SAN PEDRO SULA, HONDURAS.- Un niño de un año que se volvió un ícono de la política del gobierno de Estados Unidos de separar a los inmigrantes de sus hijos el viernes iba de camino a casa con sus padres, cinco meses después de que fue separado de ellos en la frontera estadounidense.
Johan Bueso Montecinos iba a bordo de un avión a San Pedro Sula, Honduras, que abordó en Estados Unidos después de que las autoridades consulares hondureñas y estadounidenses hicieron los arreglos pertinentes.
Y así termina la extraordinaria travesía de Johan, un bebé cuya corta vida pasado por la pobreza de Honduras a un desesperado cruce por la frontera de Estados Unidos a la primera plana de los diarios del mundo.
Capturado por agentes de la Patrulla Fronteriza casi al instante de su llegada, el padre de Johan fue deportado. Y el pequeño de 10 meses permaneció en un albergue en Arizona bajo el cuidado del gobierno estadounidense. En los cinco meses que siguieron, daría sus primeros pasos, pronunciaría sus primeras palabras, celebraría su primer cumpleaños. Sus padres, a cientos de kilómetros (millas) de distancia, se lo perderían todo.

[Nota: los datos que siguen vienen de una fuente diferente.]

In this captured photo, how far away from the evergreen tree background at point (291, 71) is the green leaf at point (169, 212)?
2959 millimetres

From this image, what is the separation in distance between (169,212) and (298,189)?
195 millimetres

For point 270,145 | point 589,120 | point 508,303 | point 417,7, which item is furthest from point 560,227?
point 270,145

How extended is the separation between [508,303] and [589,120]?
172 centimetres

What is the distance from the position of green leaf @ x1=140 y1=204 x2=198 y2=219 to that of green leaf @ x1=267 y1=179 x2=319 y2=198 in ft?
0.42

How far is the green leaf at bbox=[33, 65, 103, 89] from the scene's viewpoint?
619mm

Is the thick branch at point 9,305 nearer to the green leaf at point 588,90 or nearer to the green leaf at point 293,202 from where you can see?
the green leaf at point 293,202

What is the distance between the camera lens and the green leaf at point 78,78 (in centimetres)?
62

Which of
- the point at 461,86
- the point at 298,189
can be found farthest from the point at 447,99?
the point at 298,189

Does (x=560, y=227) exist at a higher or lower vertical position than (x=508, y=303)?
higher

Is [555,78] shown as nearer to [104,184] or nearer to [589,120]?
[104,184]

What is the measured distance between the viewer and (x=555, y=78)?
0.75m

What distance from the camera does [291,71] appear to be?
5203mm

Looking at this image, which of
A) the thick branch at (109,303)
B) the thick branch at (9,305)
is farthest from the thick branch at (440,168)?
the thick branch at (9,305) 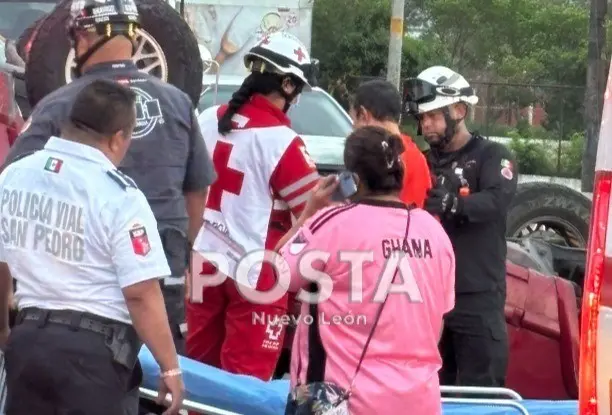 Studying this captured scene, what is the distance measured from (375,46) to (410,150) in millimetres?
29059

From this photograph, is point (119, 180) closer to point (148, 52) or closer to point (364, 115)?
point (364, 115)

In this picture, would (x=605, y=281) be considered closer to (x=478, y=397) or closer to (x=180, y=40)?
(x=478, y=397)

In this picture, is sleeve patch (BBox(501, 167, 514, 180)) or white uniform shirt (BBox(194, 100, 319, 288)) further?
sleeve patch (BBox(501, 167, 514, 180))

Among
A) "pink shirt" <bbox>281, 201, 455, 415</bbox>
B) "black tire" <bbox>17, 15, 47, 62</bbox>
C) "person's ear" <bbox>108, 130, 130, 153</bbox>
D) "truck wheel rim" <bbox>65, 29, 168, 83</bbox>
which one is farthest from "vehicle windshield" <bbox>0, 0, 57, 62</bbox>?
"pink shirt" <bbox>281, 201, 455, 415</bbox>

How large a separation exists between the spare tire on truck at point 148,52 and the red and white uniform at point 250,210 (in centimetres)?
51

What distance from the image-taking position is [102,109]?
375 cm

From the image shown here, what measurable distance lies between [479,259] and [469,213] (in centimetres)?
25

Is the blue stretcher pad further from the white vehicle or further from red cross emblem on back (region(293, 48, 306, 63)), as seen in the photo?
the white vehicle

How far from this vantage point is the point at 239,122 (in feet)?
17.8

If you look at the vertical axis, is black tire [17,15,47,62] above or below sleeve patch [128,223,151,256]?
above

Cuando su madre y padre lo vieron por última vez, tenía dos dientecillos. Ahora su dentadura está completa.
A principios de julio, Johan compareció ante un juez de inmigración. Un reporte de The Associated Press de ese suceso _la ofuscación del juez sobre cómo lidiar con el pequeño detenido en pañales que se alimentaba con un biberón_ causó indignación internacional porque personificaba la política del gobierno de Donald Trump de separar a niños inmigrantes de sus padres.
“Nunca pensé que fueran tan crueles,” dijo su padre, Rolando Antonio Bueso Castillo, de 37 años.
Rolando pensó que su plan era bonito. Escaparía de su dura vida en el pequeño pueblo de Libertad. Sus hijos no crecerían bajo la misma pobreza que él tuvo que soportar, cuando dejó la escuela en cuarto de primaria para vender burritos y ayudar a su madre soltera a mantenerlo a él y a sus cuatro hermanos.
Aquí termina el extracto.